# How long should we run our bathroom exhaust fan after showering?



## Cyllya

IIRC, when I was little, I heard you shouldn't run the fan for very long because it was a fire hazard, but I might be misremembering. Plus I'm in a pretty dry climate, and our home has a painfully low RH level right now, so I wanted to leave it off and let the moisture spread throughout the house. (But would that actually work, or would too much humidity stay in the bathroom?) I tried to google this info, but it's like everyone expects everyone to know how long to run the fan. My family never used those fans when I was growing up though, so I have no frame of reference.

My humidiphobic fiance wants to run the fan for up to eight hours after every shower.... Maybe I should just buy a humidity meter for every room in the house.


----------



## yeahwhat

10-15 minutes should be enough. If you have low humidity, open the door and put a portable fan in it to pull the moist air into the rest of the house.


----------



## dbsam

It might depend upon your fan too. We've recently replaced several of our bathroom exhaust fans and the new ones really work quickly. (We leave the fan on while we shower and for 5-10 minutes after the shower.)

We use the fans a lot - showers and 'bathroom courtesy'. Many years ago my husband installed timer switches on all of our bathroom fans - they work great. We never heard about the fans catching fire, but we didn't want them running all day because they take out the heat/ac, wear out the fans, waste electricity, etc.


----------



## elsie

As long as it takes me to get dressed and dry my hair (15 minutes or so)


----------



## nd_deadhead

I installed a bathroom fan 2 years ago, with a timer. It worked great - until the timer burned out. I replaced it with a regular switch.

In a dry house, I wouldn't run it as long (in the winter). Do this test - close the bathroom door during a shower, run the fan, and see how long it takes before the condensation on the mirror clears off. I'd run the fan a bit longer than that.

And we always shower with the door open, to help move that moisture to the rest of the house.


----------



## cristeen

First thing to do is see if it's doing anything. Take a Kleenex or 2 squares of TP, flip the fan on, and hold the tissue in front of the fan. It should suck it onto the grill. If it doesn't, then there's no point in turning it on at all because it's not doing anything. I'd look into replacing it.
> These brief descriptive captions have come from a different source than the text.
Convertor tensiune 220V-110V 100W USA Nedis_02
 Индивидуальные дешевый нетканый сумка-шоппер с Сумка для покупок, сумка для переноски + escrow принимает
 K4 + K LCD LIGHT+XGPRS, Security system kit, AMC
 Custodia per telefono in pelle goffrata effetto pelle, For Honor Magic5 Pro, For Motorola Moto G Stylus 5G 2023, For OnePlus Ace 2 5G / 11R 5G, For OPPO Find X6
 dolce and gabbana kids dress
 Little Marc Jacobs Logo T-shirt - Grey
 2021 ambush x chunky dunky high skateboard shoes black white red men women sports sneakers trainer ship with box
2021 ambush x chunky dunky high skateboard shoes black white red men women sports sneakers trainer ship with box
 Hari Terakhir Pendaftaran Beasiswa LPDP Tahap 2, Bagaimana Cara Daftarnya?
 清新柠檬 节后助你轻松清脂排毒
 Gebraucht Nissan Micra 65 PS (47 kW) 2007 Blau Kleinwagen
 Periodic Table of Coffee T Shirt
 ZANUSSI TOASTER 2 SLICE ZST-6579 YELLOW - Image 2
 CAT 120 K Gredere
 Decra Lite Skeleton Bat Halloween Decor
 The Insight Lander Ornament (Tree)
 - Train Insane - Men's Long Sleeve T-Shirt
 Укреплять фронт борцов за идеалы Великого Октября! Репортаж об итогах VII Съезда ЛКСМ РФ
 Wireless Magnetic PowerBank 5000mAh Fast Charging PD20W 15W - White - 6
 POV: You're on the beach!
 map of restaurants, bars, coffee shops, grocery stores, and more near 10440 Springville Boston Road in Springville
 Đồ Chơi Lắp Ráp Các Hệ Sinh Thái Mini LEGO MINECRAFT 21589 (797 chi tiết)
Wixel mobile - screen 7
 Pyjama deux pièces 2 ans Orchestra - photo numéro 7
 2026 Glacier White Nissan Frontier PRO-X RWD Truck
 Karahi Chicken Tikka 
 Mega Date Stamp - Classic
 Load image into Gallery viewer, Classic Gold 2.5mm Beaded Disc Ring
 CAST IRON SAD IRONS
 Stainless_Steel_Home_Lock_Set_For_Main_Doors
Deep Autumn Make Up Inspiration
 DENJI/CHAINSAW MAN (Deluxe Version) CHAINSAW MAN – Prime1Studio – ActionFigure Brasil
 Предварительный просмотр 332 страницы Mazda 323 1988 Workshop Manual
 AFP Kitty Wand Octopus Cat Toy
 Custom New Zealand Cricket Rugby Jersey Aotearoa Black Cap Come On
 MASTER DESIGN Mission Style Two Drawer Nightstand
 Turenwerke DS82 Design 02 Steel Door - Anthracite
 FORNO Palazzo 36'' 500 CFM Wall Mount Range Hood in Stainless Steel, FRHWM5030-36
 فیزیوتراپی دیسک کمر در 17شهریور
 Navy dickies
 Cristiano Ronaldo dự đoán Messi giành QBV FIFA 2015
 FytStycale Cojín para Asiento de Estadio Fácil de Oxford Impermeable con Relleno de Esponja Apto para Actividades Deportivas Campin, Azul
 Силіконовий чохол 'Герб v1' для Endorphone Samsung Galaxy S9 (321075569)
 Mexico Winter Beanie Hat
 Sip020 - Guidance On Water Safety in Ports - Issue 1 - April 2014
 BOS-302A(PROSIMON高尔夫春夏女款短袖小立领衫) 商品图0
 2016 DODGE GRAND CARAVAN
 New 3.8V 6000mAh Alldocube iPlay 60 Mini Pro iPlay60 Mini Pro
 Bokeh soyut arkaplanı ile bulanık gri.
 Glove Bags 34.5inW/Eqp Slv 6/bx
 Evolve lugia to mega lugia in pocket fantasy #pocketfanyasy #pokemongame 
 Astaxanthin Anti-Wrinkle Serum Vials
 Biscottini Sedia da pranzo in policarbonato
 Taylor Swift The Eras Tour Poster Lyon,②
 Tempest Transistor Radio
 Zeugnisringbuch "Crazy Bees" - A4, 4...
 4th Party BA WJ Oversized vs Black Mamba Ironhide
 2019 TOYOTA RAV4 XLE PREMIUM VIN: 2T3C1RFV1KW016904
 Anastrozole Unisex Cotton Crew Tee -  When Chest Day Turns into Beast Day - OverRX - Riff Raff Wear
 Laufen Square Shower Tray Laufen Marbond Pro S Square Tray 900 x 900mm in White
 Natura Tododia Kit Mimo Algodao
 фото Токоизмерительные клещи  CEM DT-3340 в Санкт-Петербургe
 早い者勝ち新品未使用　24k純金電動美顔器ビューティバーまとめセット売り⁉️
Assuming it's doing something, we run it until the mirror is no longer fogged, with the door open. Which is going to be dependent on the time of year and the ambient temp/humidity level. When I get out of the tub, I open the door, turn on the fan and in the winter it might take 10 minutes for it to clear. In the summer it sometimes doesn't fog to begin with.


----------



## NikonMama

We only run the fan as long as it takes us to shower, dry off, and comb our hair. Once we leave the bathroom we shut it off and just leave the door open.


----------



## carlbarthel

I keep the door open for sometime and keep the fan on for around 10minutes. Another reason to keep the door open is that our bathroom vanity cabinets is not waterproof so very often water does get sprinkle on it causing it a damage.


----------



## ollyoxenfree

Our bathroom fans are fairly noisy and the sound annoys me. I feel like I'm always turning them off after people (DH) let them run on and on and forgotten about them.

I'll run the fan during and after my shower. I'll open the door as soon as I'm dressed and leave the fan running while I dry my hair or brush my teeth or whatever and maybe for another few minutes - approximately 10 minutes after the shower ends. DH seems to think that it needs to run for 30 or 60 minutes or more. I think he just forgets about it and it doesn't bother him at all. It's funny because he grouses if lights are left on after someone leaves a room.


----------